Limitations & Future Work

  • Inversion in Constrained Tasks: For tasks with highly constrained answers (e.g., Math), synthesis might be less effective than picking the single correct answer. FUSION < BON was observed in MGSM.
  • Fusor Scale Threshold: Small models require specific hardware or training to function as fusors out-of-the-box; the prompt-only approach has a minimum compute requirement.
  • Sequentiality vs. Parallelism: While BON samples are independent, FUSION requires encoding all candidates into the fusor simultaneously (long context), making single-inference passes heavier.
  • Future Work: Designing specialized training for smaller fusors, combining FUSION with reasoning models/CoT to scale computation, and exploring finer-grained segment-level fusion control.
  • vs. Best-of-N / Voting / Self-consistency / RM Scoring: These are selection paradigms limited by the pool upper bound and prone to reward hacking. FUSION bypasses hard selection via generative synthesis.
  • vs. Self-refinement: When the fusor and sampling model are identical, FUSION can be seen as efficient self-refinement, but it naturally supports heterogeneous multi-teacher pools.

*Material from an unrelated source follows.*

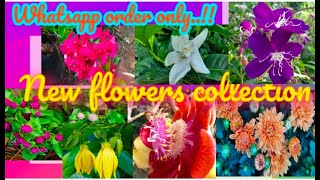 அனைத்து வகையான பூச்செடி வகைக்கள் || அடுக்கு மல்லி ||வாசனை பூ #online orders #gardens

  • vs. Math-specific Fusion (Qi et al. 2025; Zhao et al. 2025): While prior work trained small fusors for math, FUSION proves large fusors can work in open/multilingual domains without training.

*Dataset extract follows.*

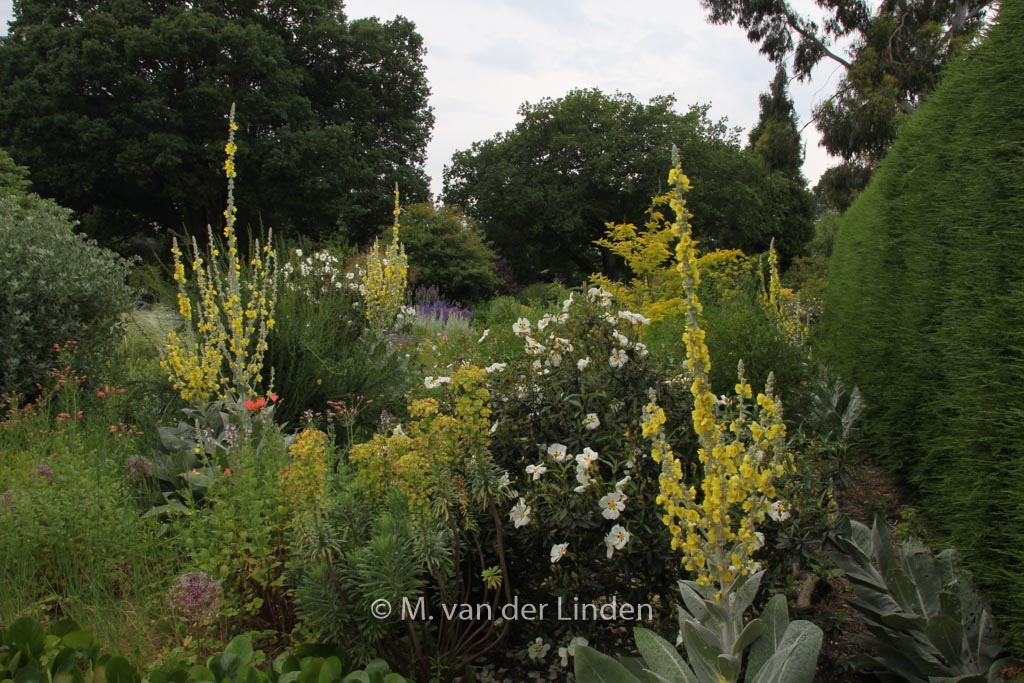 Verbascum bombyciferum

  • Insight: Aggregation should not be treated as an evaluation/ranking problem, but as a "collaborative synthesis" problem. Viewing multi-model generations as collaborators rather than competitors has value for agentic integration, multi-teacher distillation, and synthetic data pipelines.

Rating

  • Novelty: ⭐⭐⭐⭐⭐ — The "Selection → Synthesis" paradigm shift is simple yet powerful; "surpassing the oracle" conceptually breaks inherent limits.
  • Experimental Thoroughness: ⭐⭐⭐⭐⭐ — Covers test-time scaling and synthetic data, 11 languages, 3 benchmark types, and scales from 4B to 235B, with systematic ablations.

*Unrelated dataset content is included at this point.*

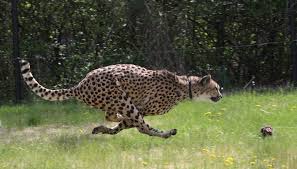 Afbeeldingsresultaat voor cheeta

  • Writing Quality: ⭐⭐⭐⭐ — Clear conceptual narrative (monolithic vs. polylithic); some charts (Figs 2/3/6) use scatter/offset representations that require appendix tables for precise reading.
  • Value: ⭐⭐⭐⭐⭐ — Direct utility for test-time scaling and synthetic data pipelines as a zero-shot, plug-and-play BON replacement.